Brits approaching retirement age are displaying “ambivalent behaviour” due to lack of clarity on pension changes in the November Budget. Rachel Reeves will announce her much-anticipated Budget on November 26, but those approaching retirement are making changes to their pensions and withdrawing money ahead of the financial announcement. Brits may be “jeopardizing” their savings and “sacrificing future growth” due to current uncertainty, experts say.

Tomm Adams, a partner at audit, tax and business consultancy Blick Rothenberg, said: “A lack of clarity on the direction the budget will take on pensions is leading to erratic behavior among those still working but below the normal retirement age. People aged 55-65 are putting their potentially six-figure retirement savings at risk due to fears that their tax-free lump sum will fall.”

He added: “This, together with the fact that inheritance tax will also apply to unused defined contribution pension funds from April 2027, leads to an increase in the number of people withdrawing the 25% lump sum.”

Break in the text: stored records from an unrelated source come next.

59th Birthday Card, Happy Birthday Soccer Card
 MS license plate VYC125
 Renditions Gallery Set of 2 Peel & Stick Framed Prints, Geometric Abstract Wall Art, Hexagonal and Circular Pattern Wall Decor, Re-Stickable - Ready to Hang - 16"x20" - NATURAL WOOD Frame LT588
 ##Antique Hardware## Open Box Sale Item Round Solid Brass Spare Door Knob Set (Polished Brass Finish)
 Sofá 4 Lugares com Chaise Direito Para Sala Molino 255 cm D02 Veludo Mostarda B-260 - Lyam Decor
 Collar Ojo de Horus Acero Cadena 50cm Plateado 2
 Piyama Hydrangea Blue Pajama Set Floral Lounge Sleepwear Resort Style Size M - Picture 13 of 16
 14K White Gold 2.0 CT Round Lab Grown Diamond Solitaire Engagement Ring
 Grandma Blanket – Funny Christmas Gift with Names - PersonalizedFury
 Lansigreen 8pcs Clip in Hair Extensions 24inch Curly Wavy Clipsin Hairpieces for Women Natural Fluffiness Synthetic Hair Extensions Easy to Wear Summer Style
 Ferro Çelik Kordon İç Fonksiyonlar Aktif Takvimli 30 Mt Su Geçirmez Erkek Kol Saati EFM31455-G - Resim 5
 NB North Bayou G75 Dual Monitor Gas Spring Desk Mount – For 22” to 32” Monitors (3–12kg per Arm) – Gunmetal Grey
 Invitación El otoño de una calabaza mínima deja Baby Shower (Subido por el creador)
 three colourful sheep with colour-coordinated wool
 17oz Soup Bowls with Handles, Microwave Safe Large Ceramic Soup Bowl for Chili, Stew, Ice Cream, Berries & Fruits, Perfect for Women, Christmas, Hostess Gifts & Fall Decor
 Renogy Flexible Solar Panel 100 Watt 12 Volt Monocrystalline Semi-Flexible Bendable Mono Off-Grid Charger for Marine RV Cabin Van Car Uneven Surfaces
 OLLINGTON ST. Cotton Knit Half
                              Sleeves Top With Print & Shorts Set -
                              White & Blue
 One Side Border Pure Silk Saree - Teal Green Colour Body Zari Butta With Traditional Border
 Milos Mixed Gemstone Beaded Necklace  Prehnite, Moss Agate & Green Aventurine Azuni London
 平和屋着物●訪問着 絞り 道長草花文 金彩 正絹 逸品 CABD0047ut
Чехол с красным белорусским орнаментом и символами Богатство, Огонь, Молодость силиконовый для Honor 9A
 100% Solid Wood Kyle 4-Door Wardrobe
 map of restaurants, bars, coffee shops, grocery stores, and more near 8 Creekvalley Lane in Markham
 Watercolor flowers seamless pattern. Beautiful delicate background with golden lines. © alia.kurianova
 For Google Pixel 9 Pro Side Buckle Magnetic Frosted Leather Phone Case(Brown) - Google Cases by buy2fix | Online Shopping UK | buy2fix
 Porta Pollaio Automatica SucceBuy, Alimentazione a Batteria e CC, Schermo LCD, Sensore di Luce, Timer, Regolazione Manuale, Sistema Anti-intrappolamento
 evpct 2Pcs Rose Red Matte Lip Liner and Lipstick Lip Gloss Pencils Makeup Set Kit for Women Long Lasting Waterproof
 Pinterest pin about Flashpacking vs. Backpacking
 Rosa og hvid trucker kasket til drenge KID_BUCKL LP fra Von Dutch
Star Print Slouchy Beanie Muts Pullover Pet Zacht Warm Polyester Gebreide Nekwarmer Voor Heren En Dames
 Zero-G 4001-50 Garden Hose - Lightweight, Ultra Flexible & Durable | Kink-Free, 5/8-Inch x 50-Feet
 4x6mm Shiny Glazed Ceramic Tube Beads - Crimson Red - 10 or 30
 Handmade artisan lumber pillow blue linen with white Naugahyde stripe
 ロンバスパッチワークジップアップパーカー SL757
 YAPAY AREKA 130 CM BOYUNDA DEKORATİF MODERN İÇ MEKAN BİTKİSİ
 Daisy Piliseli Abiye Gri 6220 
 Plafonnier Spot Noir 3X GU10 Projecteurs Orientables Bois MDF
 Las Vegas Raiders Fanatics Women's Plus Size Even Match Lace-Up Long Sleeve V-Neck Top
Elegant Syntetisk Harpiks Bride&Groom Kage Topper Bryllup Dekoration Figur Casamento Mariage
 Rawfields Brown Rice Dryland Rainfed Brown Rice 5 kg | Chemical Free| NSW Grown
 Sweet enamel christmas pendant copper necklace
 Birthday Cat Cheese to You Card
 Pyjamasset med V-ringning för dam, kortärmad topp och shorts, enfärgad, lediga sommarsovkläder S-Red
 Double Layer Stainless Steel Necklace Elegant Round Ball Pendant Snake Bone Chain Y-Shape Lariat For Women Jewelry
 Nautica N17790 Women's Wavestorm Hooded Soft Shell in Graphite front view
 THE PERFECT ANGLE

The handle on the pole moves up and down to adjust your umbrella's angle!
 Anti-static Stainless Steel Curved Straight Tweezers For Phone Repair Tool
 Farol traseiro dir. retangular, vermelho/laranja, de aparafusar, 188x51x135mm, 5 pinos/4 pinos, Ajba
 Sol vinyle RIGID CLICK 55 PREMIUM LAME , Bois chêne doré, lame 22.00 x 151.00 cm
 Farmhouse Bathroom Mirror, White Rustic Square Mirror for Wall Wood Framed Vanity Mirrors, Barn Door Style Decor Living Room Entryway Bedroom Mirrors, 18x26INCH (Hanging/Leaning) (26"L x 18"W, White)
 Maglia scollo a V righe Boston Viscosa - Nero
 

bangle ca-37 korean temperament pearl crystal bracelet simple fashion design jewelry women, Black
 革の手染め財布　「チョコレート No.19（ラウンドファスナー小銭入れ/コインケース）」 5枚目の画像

Mr Adams warned that withdrawals could be “unnecessary” and could also mean “future growth is compromised and the ability to save further in a tax-efficient manner is reduced”.

“The tax consequences they face are irreversible once that can of worms is opened,” he said.

The November Budget also reportedly includes a tax-free lump sum cap, which will reduce the current £268,275 allowance, experts say.

Withdrawals increased by 35.9% between 2023/24 and 2024/25, according to a report from the FCA. Funds were withdrawn from 99,243 accounts in the six months to September 2024; This figure is up from 84,132 in the previous six months.

Former pensions minister Steve Webb, now a partner at consultancy LCP, has previously said pension income data reveals “fears about a reduction in tax-free cash limits” and the impact of “uncertainty” around pensions on the market. “These figures graphically illustrate how uncertainty around pensions and tax can move the market,” he told Citywire New Model Advisor.

Mr Webb said it was “deeply disappointing” that Britons’ financial behavior was driven by “uncertainty around public policy”.

ONS figures show that the average person aged 55 to 64 has £137,800 in private pension savings. You can collect your pension from the age of 55 and your state pension from the age of 66 – the state pension age will gradually rise to 67 from next year.